▶ Work instruction
In the records below, repeat word for word only the lines starting at the one that contains "Cleanup Opportunities tile" and ending at the one that contains "Composable CL SIMBOLS", pictures excluded.

▶ Records for this exercise
- - - - -
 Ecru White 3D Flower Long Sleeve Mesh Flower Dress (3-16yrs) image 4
- - - - -
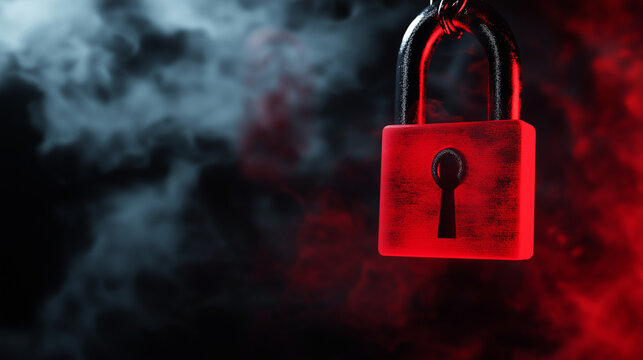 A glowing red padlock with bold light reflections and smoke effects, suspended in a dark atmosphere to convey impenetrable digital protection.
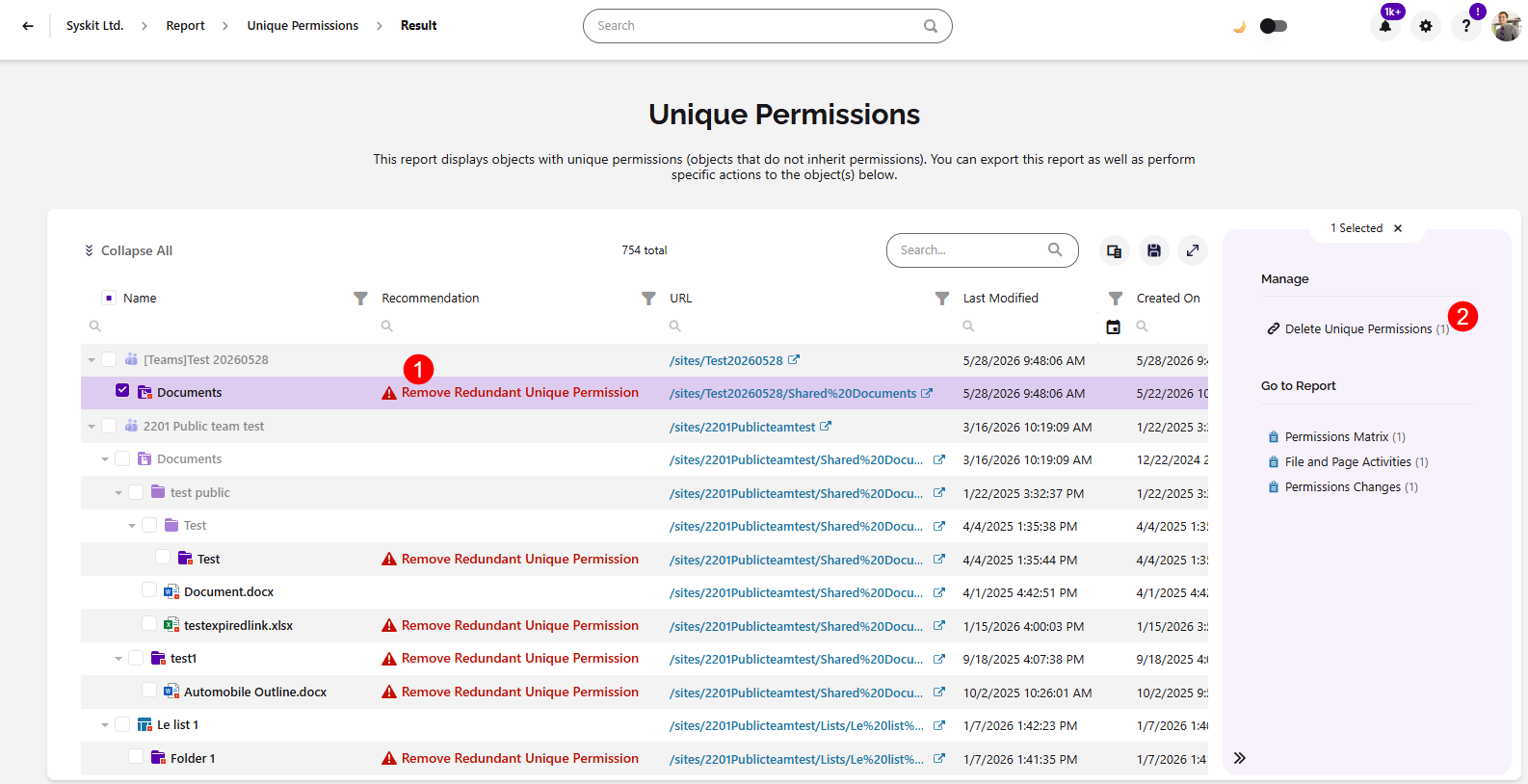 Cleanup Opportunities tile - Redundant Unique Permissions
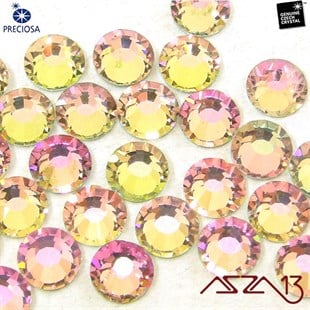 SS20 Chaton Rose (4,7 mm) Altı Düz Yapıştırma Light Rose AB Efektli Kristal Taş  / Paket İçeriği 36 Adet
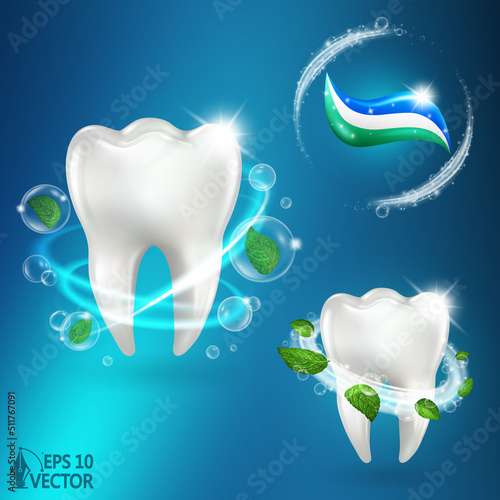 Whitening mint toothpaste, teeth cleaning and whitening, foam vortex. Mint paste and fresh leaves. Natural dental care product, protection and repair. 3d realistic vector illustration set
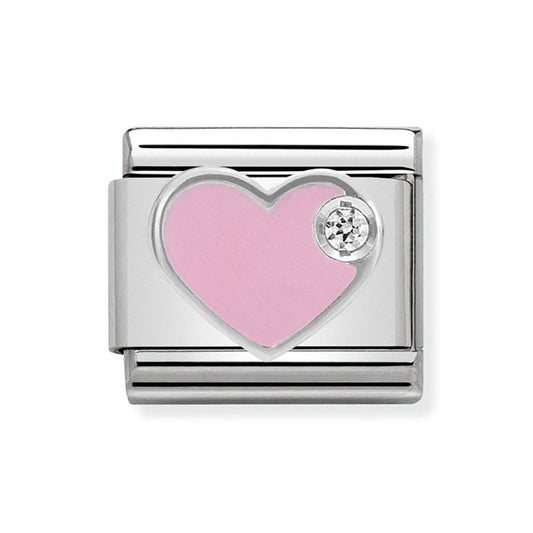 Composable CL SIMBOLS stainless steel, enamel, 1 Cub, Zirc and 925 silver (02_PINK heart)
- - - - -
▶ Solution for this exercise
 Cleanup Opportunities tile - Redundant Unique Permissions
 SS20 Chaton Rose (4,7 mm) Altı Düz Yapıştırma Light Rose AB Efektli Kristal Taş  / Paket İçeriği 36 Adet
 Whitening mint toothpaste, teeth cleaning and whitening, foam vortex. Mint paste and fresh leaves. Natural dental care product, protection and repair. 3d realistic vector illustration set
 Composable CL SIMBOLS stainless steel, enamel, 1 Cub, Zirc and 925 silver (02_PINK heart)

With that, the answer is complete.